It’s often said that you can’t care for others if you don’t care for yourself first.
Though it may seem trite, the saying rings especially true for adults caring for their aging parents. With many people in the “sandwich generation” raising their own children and working full-time in addition to caring for their parents, caregiver burnout is a serious risk.
Experts say caregiver burnout has symptoms similar to depression and can happen when caregivers don’t get the help or support they need.
The case for caregiver respite
That’s why self-care is so important for caregivers to aging parents, says licensed social worker Roberta Hirshon, a geriatric innovation consultant with Jewish Family Services of Washtenaw County in Ann Arbor. And more people find themselves caring for aging parents each year.
“The statistics really show that every year our population of age 60-plus is growing by leaps and bounds. And, as people age and live longer, there are chronic health issues that can happen – and oftentimes what we’re finding is that they need people to help them manage,” she says. “The push now is for people to stay in their home and not go to nursing homes, which is awesome, but people need support to be able to do that.”
Caregiver health is key to making those situations work out long-term, says Hirshon, who hosts a support group and workshops to help people tackle the issue of caregiver self-care.

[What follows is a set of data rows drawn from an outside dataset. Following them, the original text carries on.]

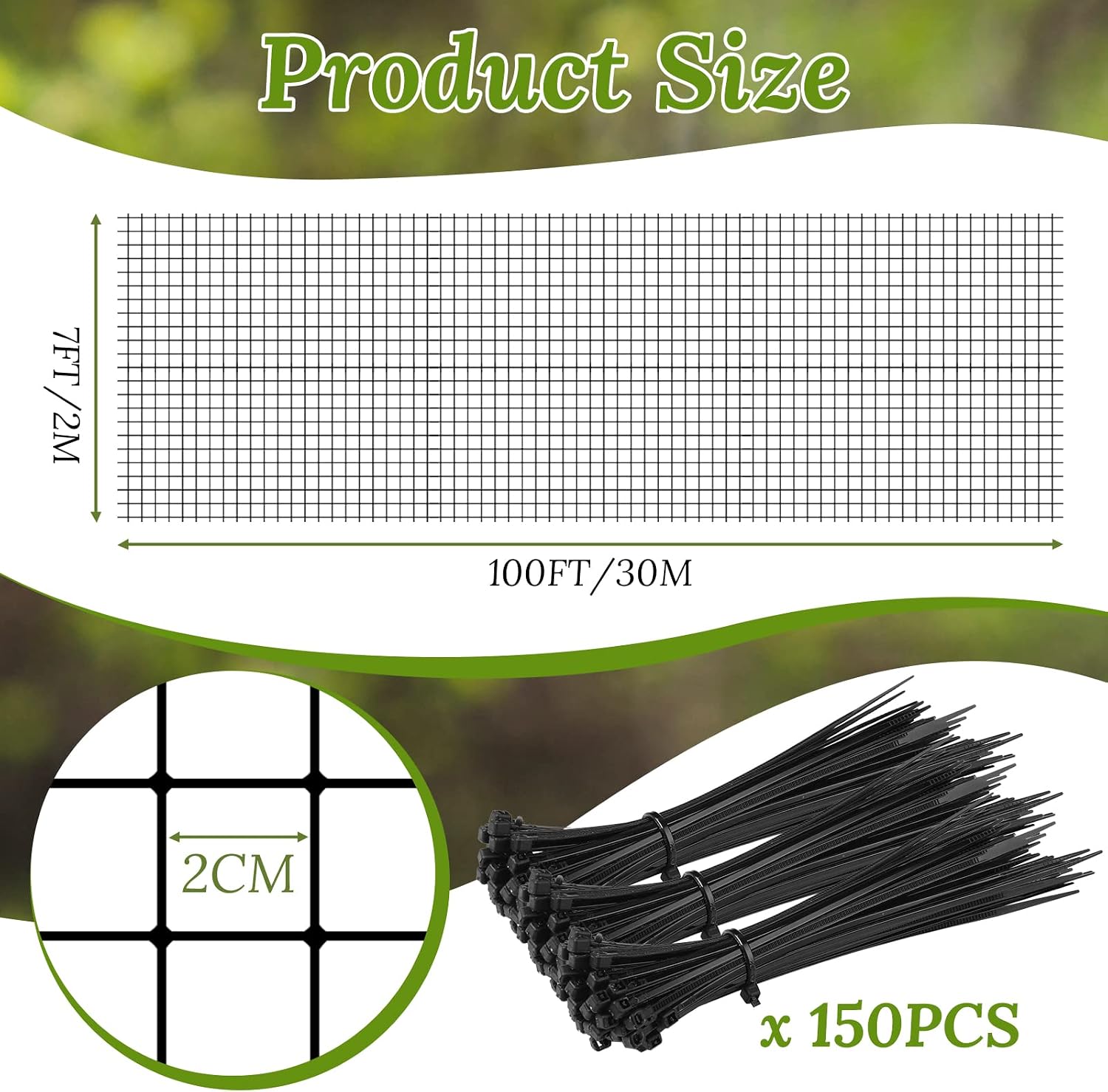 Woanger 3 Pack Deer Fence Netting Bird Netting Garden Net with 150 Pcs Cable Ties for Bird Protect Plants, Vegetables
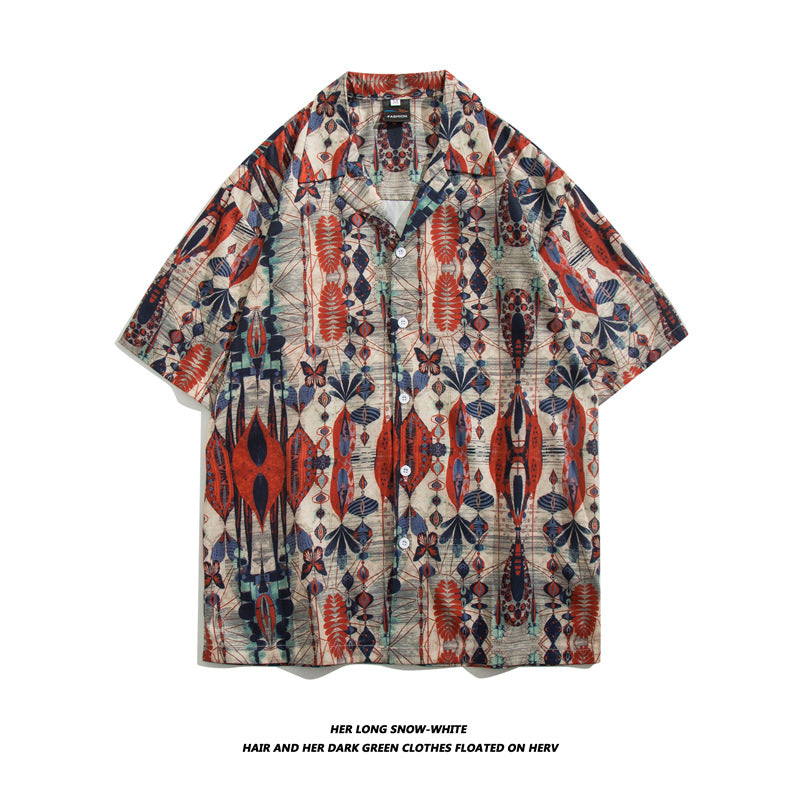 Men Casual Vintage Vacation Hawaii Tiny Flower Print Short Sleeve Lapel Shirt
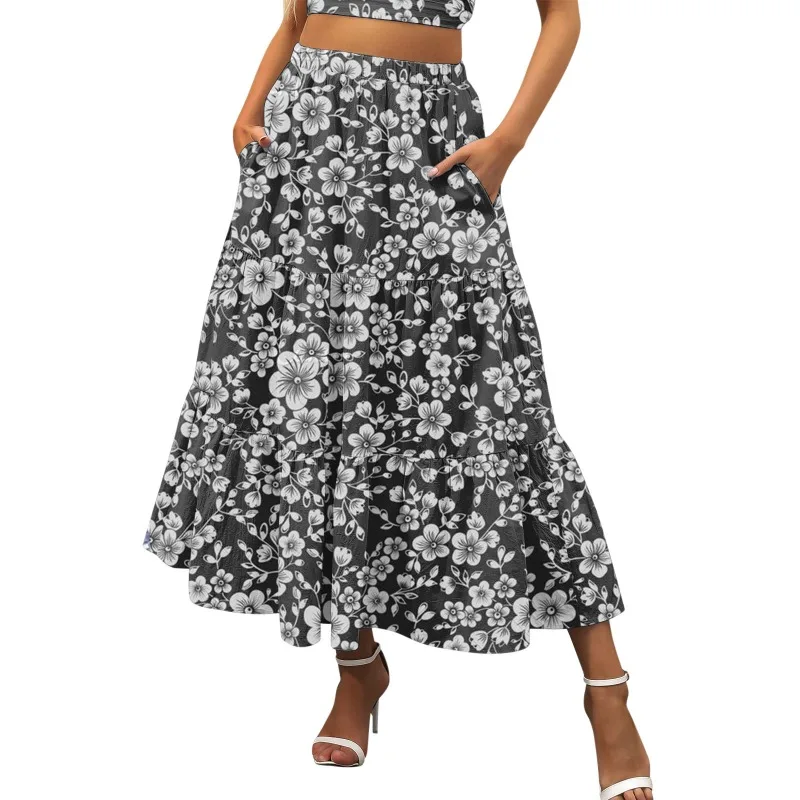 Personalized Women's Casual Floral Print A-line Skirt Temperament Commuting Female Clothing Summer New 2024 Women Fashion Skirts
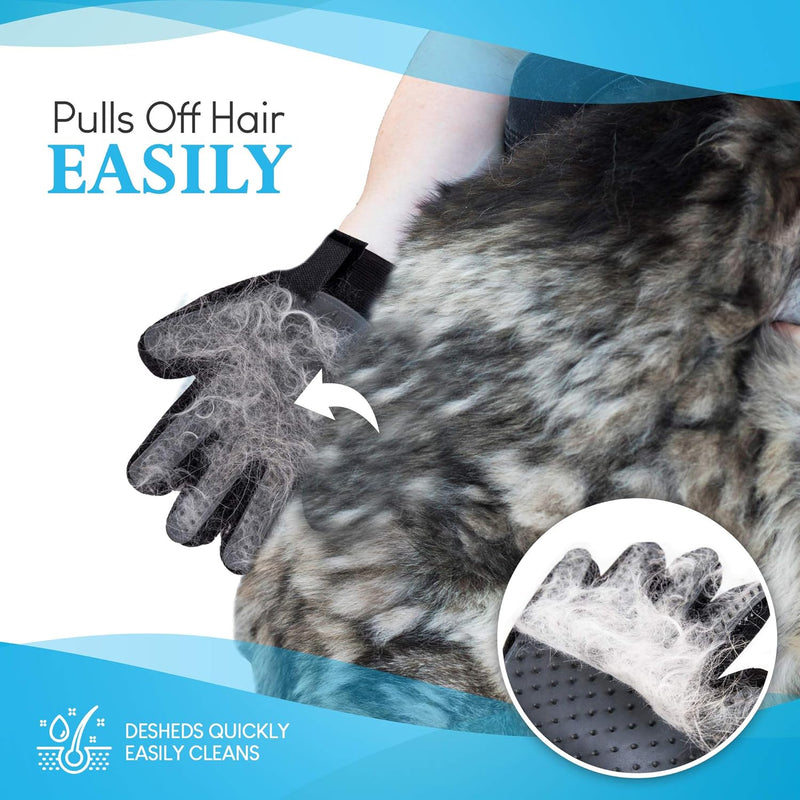 Single Glove (Right Hand) Pet Hair Remover for Grooming, Gentle, Machine Washable, Deshedding Brush Gloves, Cat Brush, Dog Brush, Horse Brush, for Long Hair, Short Hair - Dog Grooming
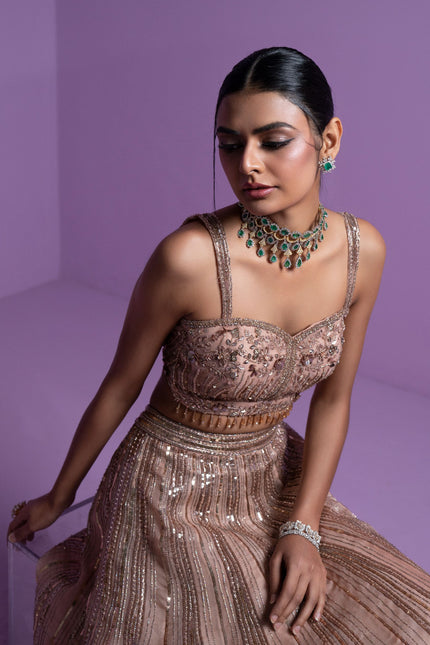 Caramel blaze lehenga set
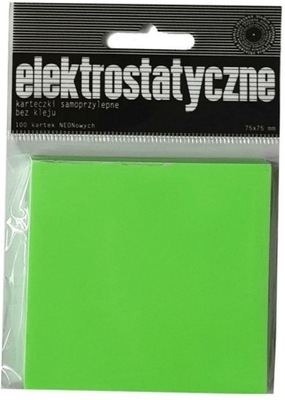 Karteczki elektrostatyczne 75x75mm/100K Zielone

“What we’re trying to help caregivers recognize is that they do have to take time for themselves and get support where they can, because no one person can do it all,” she says. “The word ‘selfish’ has gotten a really bad name. But you need to be selfish. If you don’t take care of yourself first, how are you going to have anything left to take care of someone else? If you’re sick, how are you going to be a good caregiver? It’s really impossible.”
How to make time for self-care
With that in mind, Hirshon offers these 10 tips for helping caregivers find time and support for themselves.
1. Get other family involved
If other family members are in the area or close enough for the occasional visit, allow them to share some of the duties. Even a once-a-month commitment could help.
2. Talk to local agencies
From senior centers and houses of worship to local government entities and non-profits, there’s often more support available than you realize. Hirshon says Jewish Family Services offers many support opportunities, including a care management program and even a new volunteer program that gives 12 hours of free caregiver respite.
3. Join a support group
Find a place where you can connect with others in your situation. Support groups can be found through area hospitals and nonprofits, or even online.
“It’s so important that caregivers communicate with people around them and find other caregivers with whom they can be supported,” Hirshon says. “Get into a group so you can have that contact.”
4. Skill-building helps
Some caregivers can benefit from workshops that focus on skills like communication, which could teach them how to ask for help or how to better advocate for their parent’s needs or their own needs. Many organizations offer these classes for caregivers, but you’ll have to seek them out.
5. Consider friends and neighbors
Being the only family member available to help with an aging parent’s needs doesn’t always mean there’s no one else who could pitch in. Consider trusted friends and neighbors, Hirshon says.
6. Don’t succumb to guilt
“It’s not a crime or a shame” to admit you need a break, she emphasizes. “You haven’t failed if you do need respite.”
7. Know your options
Hiring a professional caregiver doesn’t need to be a full-time commitment. Day programs, drop-in centers and part-time care are all options to consider.
“There are day programs, senior centers – a lot of times people don’t even know where to go, what to do,” she says.
Also look into whether your aging parent’s Medicare Advantage plan might cover caregiving services.
8. Seek out volunteer visitors
If finances prevent hiring a caregiver, ask about “visitor” programs near you that might provide in-home volunteers for small amounts of caregiver respite.
“A volunteer goes to the house and sits with somebody,” Hirshon says of the Jewish Family Services “Friendly Visitors” program. “They can take a break for those couple of hours and go take a shower, go read a book, whatever. I think those kinds of volunteer programs are important.”
9. Plan out your free time
For many caregivers, “free time” usually only comes in the form of an hour or two at night or other small moments during the day. Make those minutes count.
“I really do believe it’s just thinking about the things that bring you joy in your life and finding ways to do that,” she suggests. “If you love to read, for instance, make a date to go read that book and put the laundry and the other things aside. As much as they need to be done, those things will be there. Being able to relax, appreciate life, going out to dinner with a friend or calling somebody on the phone – they’re all so important to our mental health and well-being.”
10. Prioritize your respite
If you don’t ask for it, advocate for it and make it happen, the unfortunate fact is that no one else will.
“Ask for help. You don’t have to be a martyr,” Hirshon says. “It’s hard, hard work. And a lot of times people will say, ‘Well, it was the best thing I ever did,’ which is all true. But it takes a toll if we don’t take care.”